====== Data below

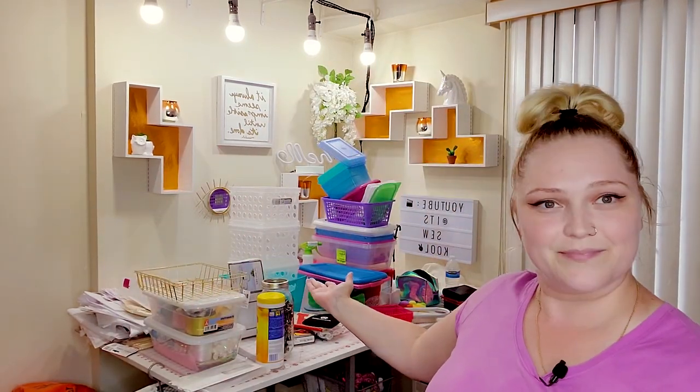Hey guys, welcome back to my channel. Today's video we're going to be talking about this new bookshelf that I'm going to be showing you.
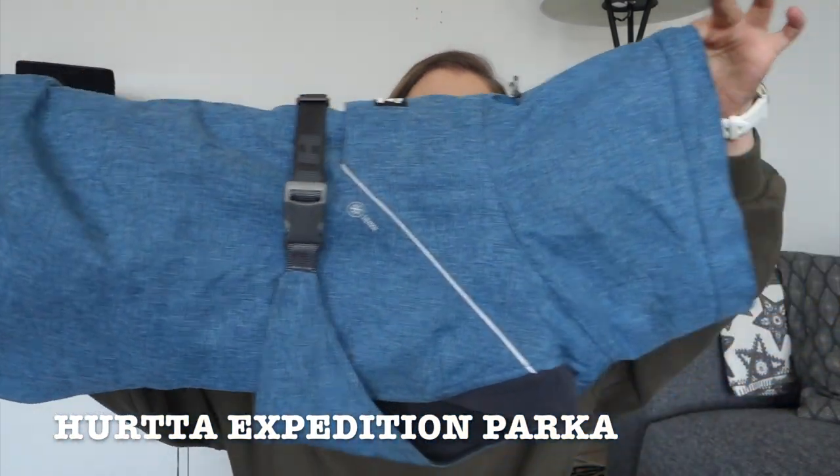Actually, one more thing — a piece of gear for the dogs: an expedition parka. We've used it so much this winter. It has lots of adjustment options so you can make it fit snugly on your dog, which helps keep the warmth inside. I really like that it has drawstrings around the neck area to keep snow from getting inside the coat. We are very happy with these.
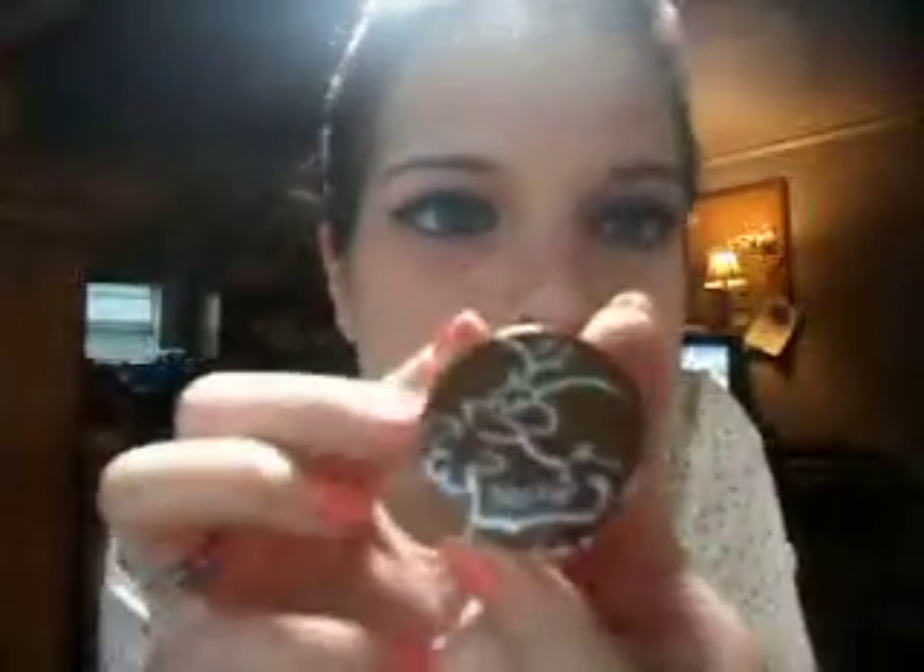Barbie has a brown waterline and doesn't wear black eyeliner. So what I did was use a Tarte brush with the Tarte smudge pot in bronze — it's kind of shimmery. I did my waterline with that and then also along the lash line.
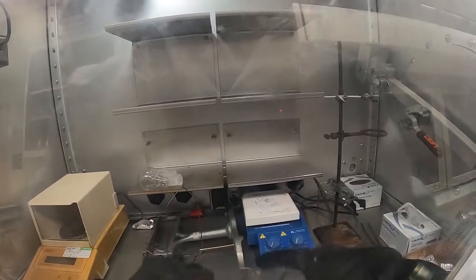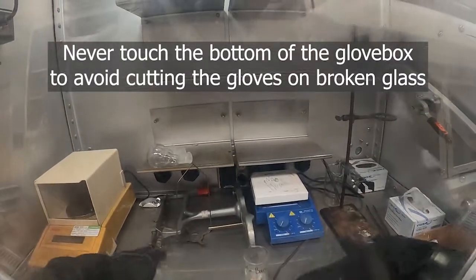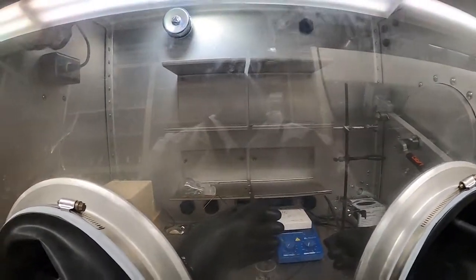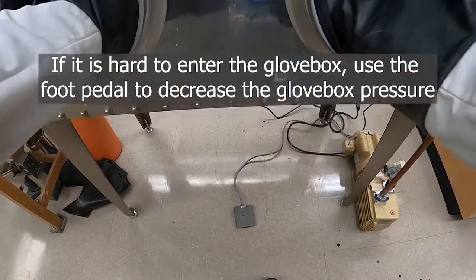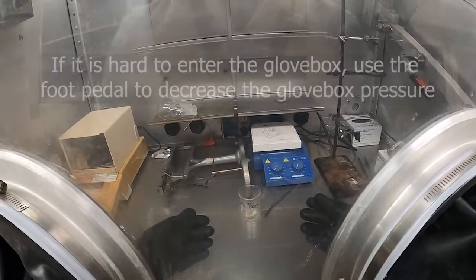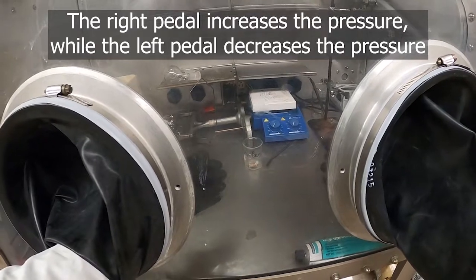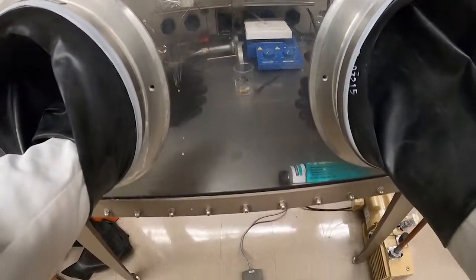These gloves are kind of delicate, so be careful — don't use anything sharp and watch out for broken glass. It's important not to touch the bottom of the glovebox, as that's where broken glass and other sharp things might be, and you can also get the gloves really dirty that way. For adjusting the pressure, there's a pedal on the floor: the left pedal decreases the pressure while the right one increases it. If you're smaller, you may want to decrease the pressure to get your arms in easier.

============

# Prompt:
The whole listing above must be set down again exactly, but without its images.

# Answer to the problem:
Hey guys, welcome back to my channel. Today's video we're going to be talking about this new bookshelf that I'm going to be showing you.
Actually, one more thing — a piece of gear for the dogs: an expedition parka. We've used it so much this winter. It has lots of adjustment options so you can make it fit snugly on your dog, which helps keep the warmth inside. I really like that it has drawstrings around the neck area to keep snow from getting inside the coat. We are very happy with these.
Barbie has a brown waterline and doesn't wear black eyeliner. So what I did was use a Tarte brush with the Tarte smudge pot in bronze — it's kind of shimmery. I did my waterline with that and then also along the lash line.
These gloves are kind of delicate, so be careful — don't use anything sharp and watch out for broken glass. It's important not to touch the bottom of the glovebox, as that's where broken glass and other sharp things might be, and you can also get the gloves really dirty that way. For adjusting the pressure, there's a pedal on the floor: the left pedal decreases the pressure while the right one increases it. If you're smaller, you may want to decrease the pressure to get your arms in easier.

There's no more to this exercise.